AMINO-TERMINAL DOMAINS OF THE BOVINE PAPILLOMAVIRUS TYPE-1 E1 AND E2 PROTEINS PARTICIPATE IN COMPLEX-FORMATION

Interaction between the E1 and E2 papillomavirus proteins appears to play an important role in viral DNA replication, although the exact domains of each protein involved in this interaction have not been identified. Using bovine papillomavirus type 1 (BPV-1) as a model for examining interactions between E1 and E2, we have used the two-hybrid and glutathione S-transferase (GST) fusion systems to map domains of BPV-1 E1 and E2 that interact in vivo and in vitro.
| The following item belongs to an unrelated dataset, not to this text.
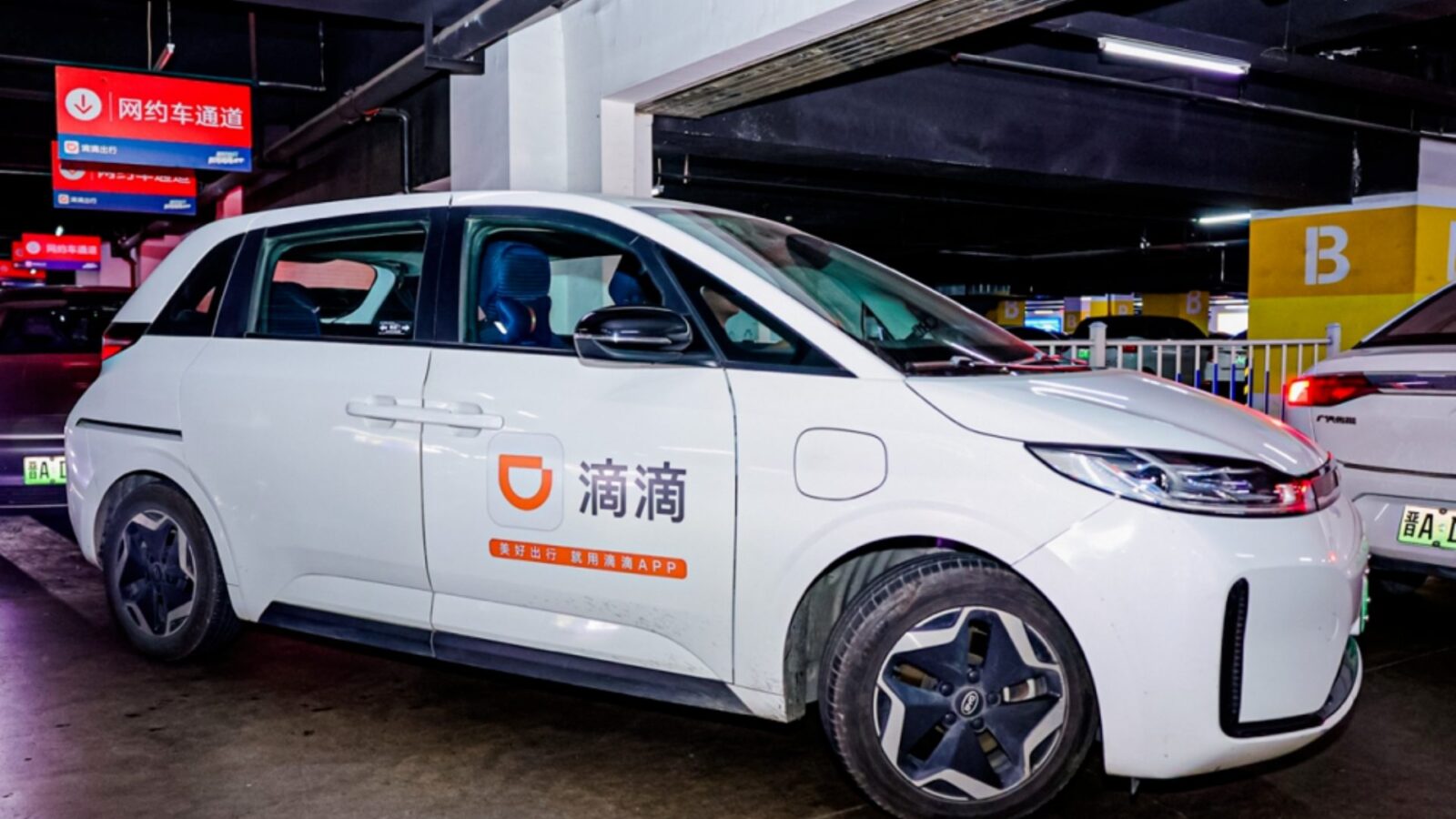 Didi Premier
In the two-hybrid system experiments, portions of BPV-1 E2 were expressed in Saccharomyces cerevisiae as LexA fusion proteins, which were tested for interaction with various domains of BPV-1 E1. These assays indicated that domains sufficient for E1-E2 interaction are present within the amino-terminal 250 amino acids of E1 and within the first 91 amino acids of E2. Interestingly, a LexA fusion protein that included amino acid residues 53 to 161 of BPV E2 demonstrated transcriptional activation in this system. In vitro binding assays using combinations of BPV-1 E1-GST fusion proteins and BPV-1 E2 expressed by in vitro translation confirmed the observations from the yeast system; a GST fusion protein containing the first 222 amino acids of BPV-1 E1 bound specifically to full-length BPV-1 E2 in vitro. Furthermore, E1(1-222)-GST bound to forms of E2 deleted of the carboxy-terminal DNA binding-dimerization domain, suggesting that E2 dimerization is not required for this interaction. Finally, in vitro interaction between E1-GST and E2 was observed at 22 degrees C but not at 4 degrees C.